Transverse Section of Liver Lobules
Fig 1.2: a) Transverse Section of Liver Lobules
The Flow of Blood and Bile in a Liver Lobule
Fig 1.2: b) The Flow of Blood and Bile in a Liver Lobule

Large bile ducts have a lining of columnar epithelium and outer fibrous muscular tissue. By means of contraction of the muscular layer, bile is carried away. It is temporarily stored in the gall bladder.

Physiology of Liver

Secretion of bile

Hepatic cells secrete an alkaline fluid called bile. It is composed of 90 percent water, bile salts (sodium glycocholate, sodium taurocholate), bile pigments (bilirubin, biliverdin), cholesterol, and mucin. Bile salts are helpful in the digestion and absorption of fats. They reduce the surface tension of fats and help in their emulsification. RBCs are destroyed in the liver and spleen. The hemoglobin of RBCs is broken down into globin and haem. Haem is again broken down into iron and porphyrins, which form bile pigments later on.

Glycogenic functions

The portal vein carries the blood from the digestive tract which contains glucose and amino acids. It pours the blood into the liver. The hepatic cells, by the action of enzymes, convert glucose into glycogen and it is then stored in the liver. Whenever there is a need for energy in the body, the hepatic cells convert glycogen to glucose and pass it to the body cells through blood circulation. Thus, this glycogenic function helps to maintain the sugar level constant in the blood.

Formation of urea

The portal vein carries blood containing amino acids to the liver. Hepatic cells by the action of their enzymes cause deamination of amino acids, i.e. amino group is set free which forms urea. Urea is carried away to the kidneys by the blood and is given out of the body through urine.

Denaturation of fats

The digested fats in the form of the fatty acids and glycerol are absorbed in the central lacteal duct. The fatty acids and glycerol again unite to form fats. This fat is carried away by the blood and is stored in the different tissues in saturated form. Whenever the energy is needed, this saturated stored fat is carried to the liver by blood. Then the hepatic cells cause the desaturation of this fat and pass to different tissues for utilization.

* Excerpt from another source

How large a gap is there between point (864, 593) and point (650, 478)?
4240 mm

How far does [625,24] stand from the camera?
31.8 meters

Functions related to blood

  • Formation of RBCs in fetal life.
  • Destruction of RBCs forming bile pigments and iron.
  • Formation of plasma proteins, i.e. albumin and globulin.
  • Formation of prothrombin and fibrinogen responsible for blood clotting.
  • Formation of heparin, a natural anticoagulant in the blood.
  • Storage of iron, vitamin B12.

Maintenance of body temperature

The numerous chemical reactions occur in the liver, heat is generated which is helpful in maintaining body temperature.

Excretion of toxic substances

The toxic substances entering the body through the alimentary canal are destroyed in the liver, e.g. alcohol, some drugs, etc.

As the liver is responsible for a number of intermediate metabolic reactions, it is called the chemical factory in the body.